As many other biblical and holy texts, the episode giving origin to Chanukkah teaches us many things: first of all it gives us an amazing example of the value and importance of hope. Clearly, the Jews who lit the lamps using the little oil they had found in their half-destroyed temple couldn’t know (nor even imagine) about the miracle that was about to happen; but they hoped wholeheartedly that God would have never abandoned them and would have provided His people with all the means necessary to fulfill the law.
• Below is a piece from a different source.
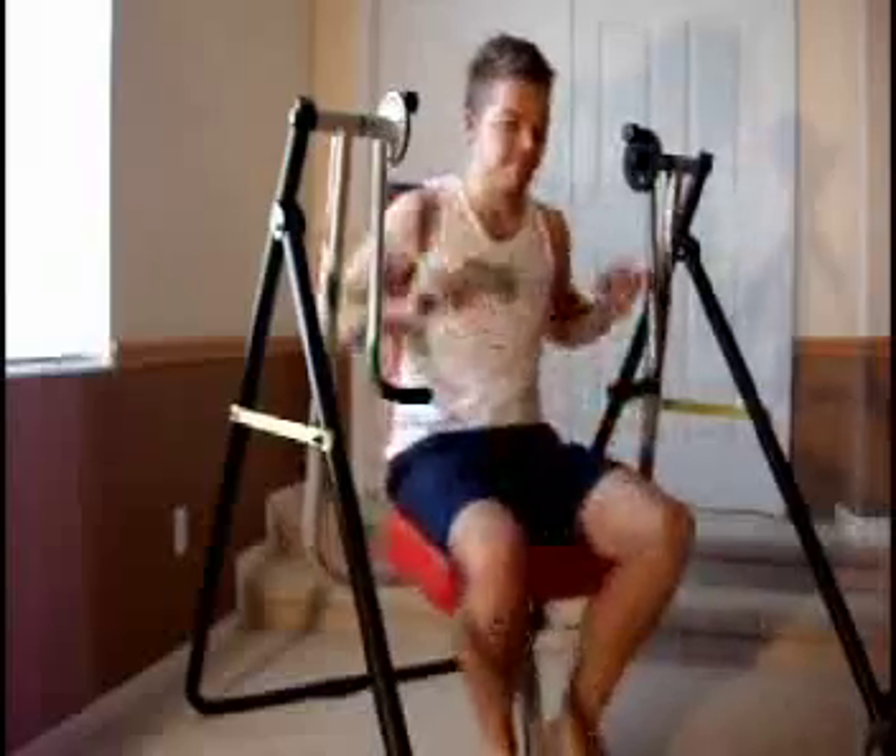Good morning and welcome to the third day on the Swing Jump. Today I'm starting off a little bit later — it is already 11:30. And it's actually a very fun day today because we're working out the upper body again, which is always a lot of fun to do.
Hope is undoubtedly a key-concept within Judaism; nonetheless, it’s a central notion in Christian ethics too, to the point that, along with Faith and Compassion, Hope is the first of the three theological virtues and often intended as a presupposition of Faith, which in turn has to express itself through good deeds and compassion or love to others (as it is in the original concept of the word “charitas”, deriving from the Greek “charis” which means, among other things, God’s grace: when we are touched by God’s Love, we get “graced” and enabled to spread this love around us towards other people). On the opposite side, as Dante reminds us in his Divine Comedy the door to Hell carries the inscription “Abandon all hope you who enter there” (Inferno, canto III, line 9), to suggest that, where there is no divine Love or Grace, also Hope can’t be found; yet, the very same door is depicted broken after Christ’s descent to the infernal underworld to signify that Love and Hope prevail over the most absolute darkness. God’s Love rules everywhere even in the depth of Hell, bringing compassion and hope in the spiritual desolation.
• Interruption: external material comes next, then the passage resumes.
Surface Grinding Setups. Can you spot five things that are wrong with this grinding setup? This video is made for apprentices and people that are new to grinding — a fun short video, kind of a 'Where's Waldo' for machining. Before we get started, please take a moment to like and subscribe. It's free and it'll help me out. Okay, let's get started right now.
The second important teaching the episode of Chanukkah gives us is about Law: God always give us what we require to abide by His Law. Still in the transition from Hebraism to Christianity the concept of law gets radically reshaped to the point that it’s often said that Christ came to have the law (to wit the whole complex of Jewish mitzvot) replaced by love. But the Law is not nullified in Christianity: when Jesus Christ was asked which commandment (mitzvah) was the most important of all, he answered: “The most important one is this: ‘Hear, O Israel: The Lord our God, the Lord is one. Love the Lord your God with all your heart and with all your soul and with all your mind and with all your strength.’ The second is this: ‘Love your neighbor as yourself.’ There is no commandment greater than these.” (Matthew 22, 34-40).
To paraphrase the Scriptures this means that according to Jesus to comply with God’s Law only two things are required: to love God above everything else and with all our energies and to love our neighbour. Nevertheless, if we carefully look at the Gospel verses, Jesus doesn’t simply say to love our neighbours, but to love them as much as we love ourselves; in other words, self-love is not necessarily the opposite of selflessness and compassion, but their precondition. Only if we love ourselves, we are able to spread this love outside and to be compassionate and caring towards other people.
Thus, dear boy, not unlike those Jews that lit the lamps in the Temple with the little oil they had found and with a great dose of hope and trust in their Lord, use every inspiring word, every tiny gesture of love and everything that makes you smile to kindle the hope in your heart and keep it lit. And every time you feel that loving yourself is too hard, remember that God loves you endlessly and He is always ready and willing to give you His love to allow you to love yourself by reflex and be able to love other people too.